Tuesday, November 17, 2015

History Manifesto

David Armitage and Jo Guldi published History Manifesto online and in print in October 2014. Writing in the context of contemporary ‘policy stalemates’ related to climate change, the authors examined the capcity of history to identify and construct ‘vectors of reform’ and to ‘expand our sense of options for the future’. ‘Historical reasoning… lays a path’, they argued, between the climate-determinism of the sciences and the economic vision of continuous technological innovation and growth.

So what is historical reasoning? Armitage and Guldi write of history’s power to:
·      Understand cultural bias and explain where things come from
·      Compare various kinds of data, even when they come from radically different sources
·      Frame questions more and more broadly, track between big processes and small events, and discern (and rank) multiple sources of causality.
·      Synthesise and arbitrate (i.e. reduce a lot of information to a small and shareable version)

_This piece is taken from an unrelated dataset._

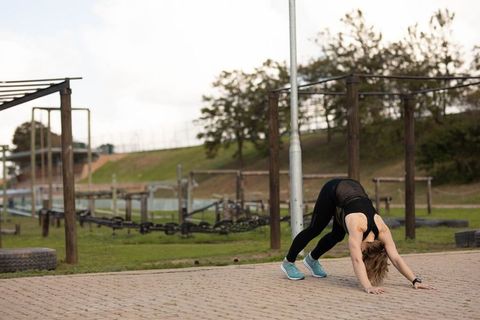 Woman in sportswear practicing downward dog pose outdoors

Ultimately, Armitage and Guldi define history as a tool of social and political reform with the capacity to:
·      Speak back to the institutions of governance
·      Cut through the fundamentalisms of scientists and economists
·      Destabilise the neo-liberal story that a free market will automatically produce new forms of technology that will ameliorate the worst effects of climate change

Most importantly, history provides a means to ‘escape the conceptual fetters of the present moment’ and to shape an alternative, democratic future. They write:
The possibility of conceiving of a reform tradition is of vital importance for sustained engagement with agriculture and climate change at any level other than that of professional economics or climate science.